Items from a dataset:
▼

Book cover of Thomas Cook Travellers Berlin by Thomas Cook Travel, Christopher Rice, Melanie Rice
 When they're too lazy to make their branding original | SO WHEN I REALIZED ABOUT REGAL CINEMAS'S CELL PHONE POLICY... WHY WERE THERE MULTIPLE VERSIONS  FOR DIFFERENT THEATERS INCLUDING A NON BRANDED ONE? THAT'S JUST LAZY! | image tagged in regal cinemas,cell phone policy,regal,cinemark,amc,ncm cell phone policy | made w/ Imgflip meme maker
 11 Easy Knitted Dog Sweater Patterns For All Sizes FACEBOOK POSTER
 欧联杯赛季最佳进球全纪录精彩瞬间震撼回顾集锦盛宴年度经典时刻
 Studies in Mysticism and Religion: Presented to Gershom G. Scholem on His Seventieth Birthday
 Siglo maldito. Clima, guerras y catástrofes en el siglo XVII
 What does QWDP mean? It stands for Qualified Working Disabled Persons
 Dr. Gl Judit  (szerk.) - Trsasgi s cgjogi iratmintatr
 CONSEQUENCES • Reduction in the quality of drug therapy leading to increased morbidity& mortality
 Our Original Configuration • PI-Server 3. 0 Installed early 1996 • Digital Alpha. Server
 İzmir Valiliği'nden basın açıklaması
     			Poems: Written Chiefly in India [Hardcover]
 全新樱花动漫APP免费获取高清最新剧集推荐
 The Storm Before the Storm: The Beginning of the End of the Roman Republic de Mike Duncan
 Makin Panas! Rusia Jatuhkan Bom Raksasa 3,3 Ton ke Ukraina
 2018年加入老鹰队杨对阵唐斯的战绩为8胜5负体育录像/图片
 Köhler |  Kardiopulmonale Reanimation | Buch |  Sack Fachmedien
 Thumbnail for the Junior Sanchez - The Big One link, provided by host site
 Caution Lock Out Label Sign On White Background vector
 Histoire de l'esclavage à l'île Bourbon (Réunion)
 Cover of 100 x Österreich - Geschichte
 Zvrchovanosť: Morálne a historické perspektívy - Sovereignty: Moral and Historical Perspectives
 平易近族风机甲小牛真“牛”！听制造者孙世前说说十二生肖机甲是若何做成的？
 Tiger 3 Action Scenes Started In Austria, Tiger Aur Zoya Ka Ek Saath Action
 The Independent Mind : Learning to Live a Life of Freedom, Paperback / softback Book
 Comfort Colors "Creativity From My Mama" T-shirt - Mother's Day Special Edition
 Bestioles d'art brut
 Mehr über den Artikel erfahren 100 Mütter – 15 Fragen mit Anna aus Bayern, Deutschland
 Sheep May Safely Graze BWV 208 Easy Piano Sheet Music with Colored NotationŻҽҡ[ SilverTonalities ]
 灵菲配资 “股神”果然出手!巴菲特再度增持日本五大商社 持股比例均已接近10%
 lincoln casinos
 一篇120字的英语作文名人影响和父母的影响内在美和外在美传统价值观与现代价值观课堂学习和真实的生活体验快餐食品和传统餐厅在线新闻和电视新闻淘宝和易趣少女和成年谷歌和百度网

▲

- _THE PROBLEM_
Write out exactly the lines between the start of the entries and the line containing "欧联杯赛季最佳进球全纪录精彩瞬间震撼回顾集锦盛宴年度经典时刻", including that line and the first one.

- _ANSWER BELOW_
Book cover of Thomas Cook Travellers Berlin by Thomas Cook Travel, Christopher Rice, Melanie Rice
 When they're too lazy to make their branding original | SO WHEN I REALIZED ABOUT REGAL CINEMAS'S CELL PHONE POLICY... WHY WERE THERE MULTIPLE VERSIONS  FOR DIFFERENT THEATERS INCLUDING A NON BRANDED ONE? THAT'S JUST LAZY! | image tagged in regal cinemas,cell phone policy,regal,cinemark,amc,ncm cell phone policy | made w/ Imgflip meme maker
 11 Easy Knitted Dog Sweater Patterns For All Sizes FACEBOOK POSTER
 欧联杯赛季最佳进球全纪录精彩瞬间震撼回顾集锦盛宴年度经典时刻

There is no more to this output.